## EXERCISE DESCRIPTION
Starting at the line that contains "bicycle bicycle playing" in the listing below, write out every line word for word until you have written the line that contains "Poor guy wake".

## DATASET RECORDS
══════════════════════════════

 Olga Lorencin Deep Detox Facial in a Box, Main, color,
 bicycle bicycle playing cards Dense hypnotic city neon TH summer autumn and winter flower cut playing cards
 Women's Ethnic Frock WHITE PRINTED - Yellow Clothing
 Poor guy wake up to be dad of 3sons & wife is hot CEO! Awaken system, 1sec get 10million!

══════════════════════════════

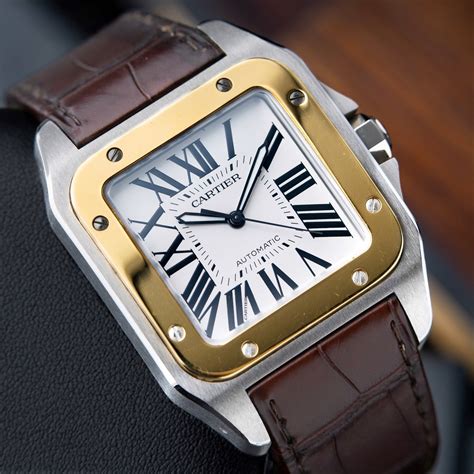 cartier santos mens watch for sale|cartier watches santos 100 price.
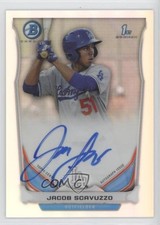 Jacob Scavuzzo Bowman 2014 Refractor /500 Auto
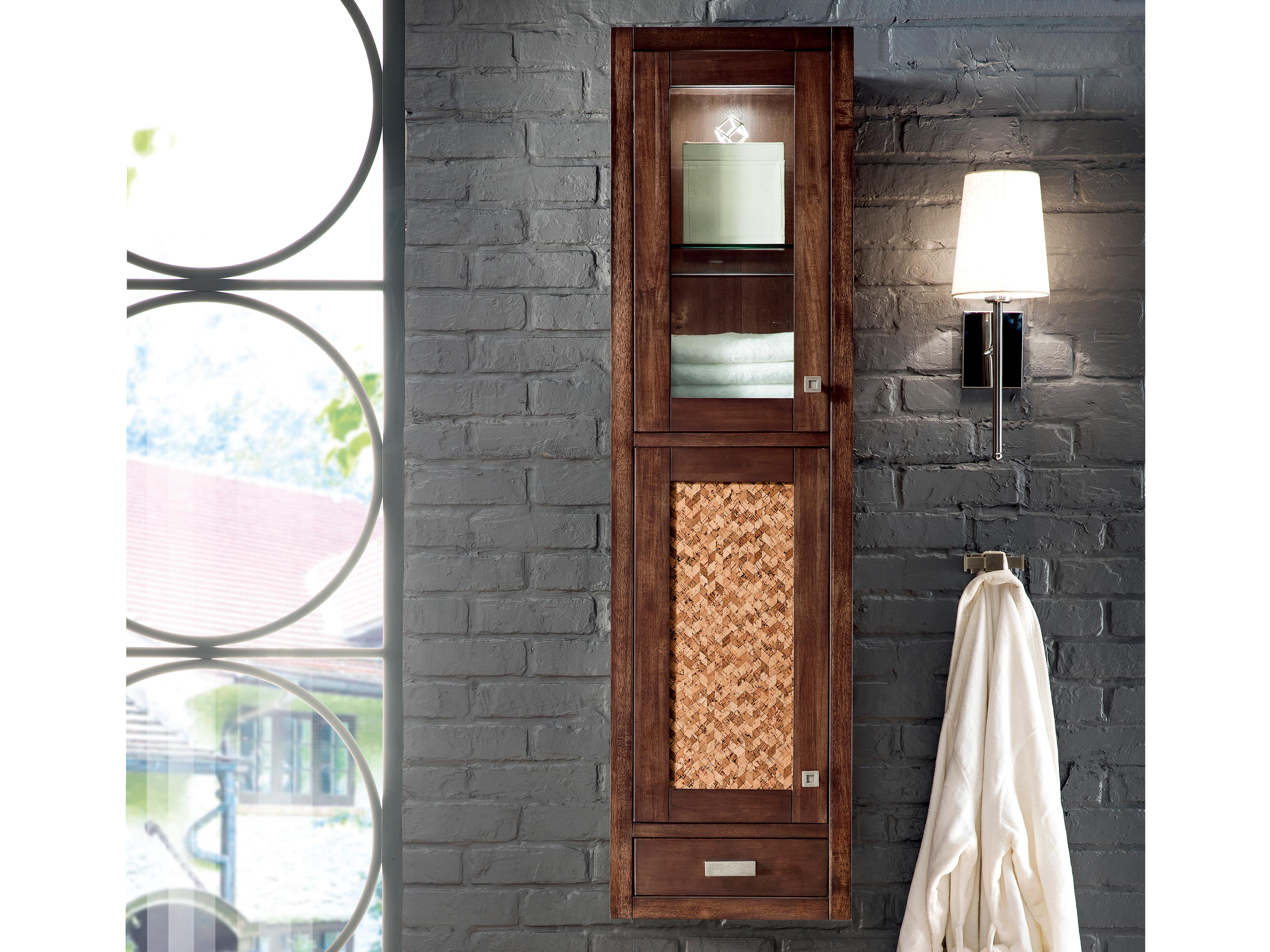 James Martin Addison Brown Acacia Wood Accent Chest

══════════════════════════════

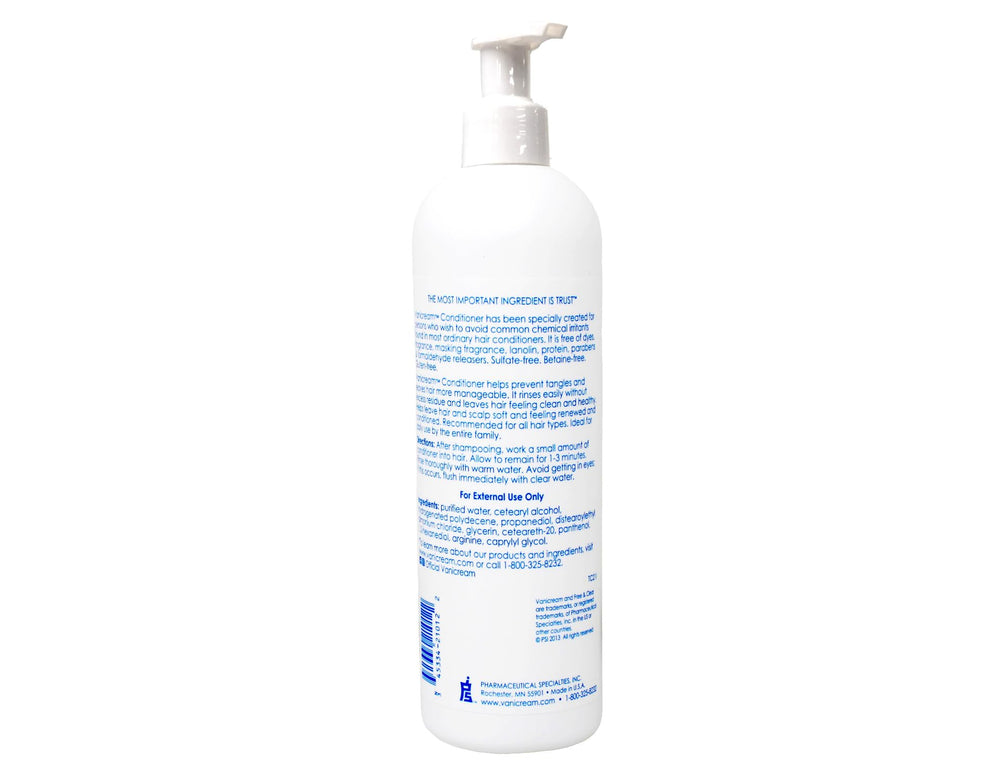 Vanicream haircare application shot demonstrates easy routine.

══════════════════════════════

## TASK OUTPUT
 bicycle bicycle playing cards Dense hypnotic city neon TH summer autumn and winter flower cut playing cards
 Women's Ethnic Frock WHITE PRINTED - Yellow Clothing
 Poor guy wake up to be dad of 3sons & wife is hot CEO! Awaken system, 1sec get 10million!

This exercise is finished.